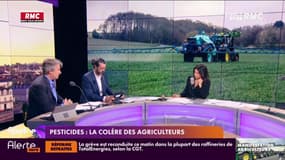 Pourquoi l'interdiction des néonicotinoïdes met en colère les agriculteurs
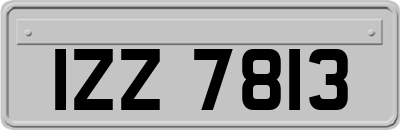 IZZ7813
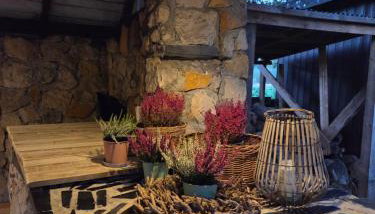 Ostoja Będzyn- Wypoczynek nad Pilicą - Foto 2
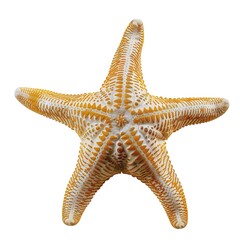 Marine star fish isolated on transparent background isolated on white background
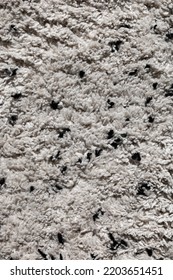 Black And White Furry Carpet Texture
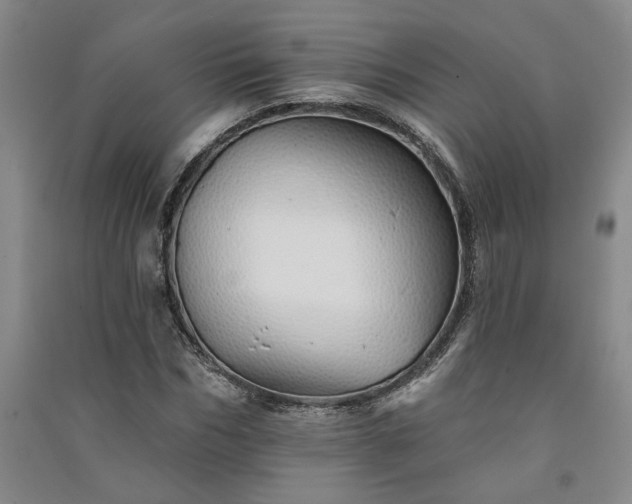 X0000091370970200708171541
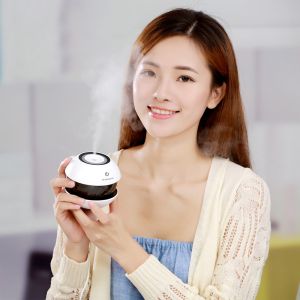 Professional Night Light Colorful Portable Air Humidifier for Car and Home Oil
++++++++++++++++++++
*YOUR GOAL*: Once the pictures are set aside, what is needed is the lines from the line with "Marine star fish" through the end of the data, written out exactly and alone.

*EXERCISE RESPONSE*:
 Marine star fish isolated on transparent background isolated on white background
 Black And White Furry Carpet Texture
 X0000091370970200708171541
 Professional Night Light Colorful Portable Air Humidifier for Car and Home Oil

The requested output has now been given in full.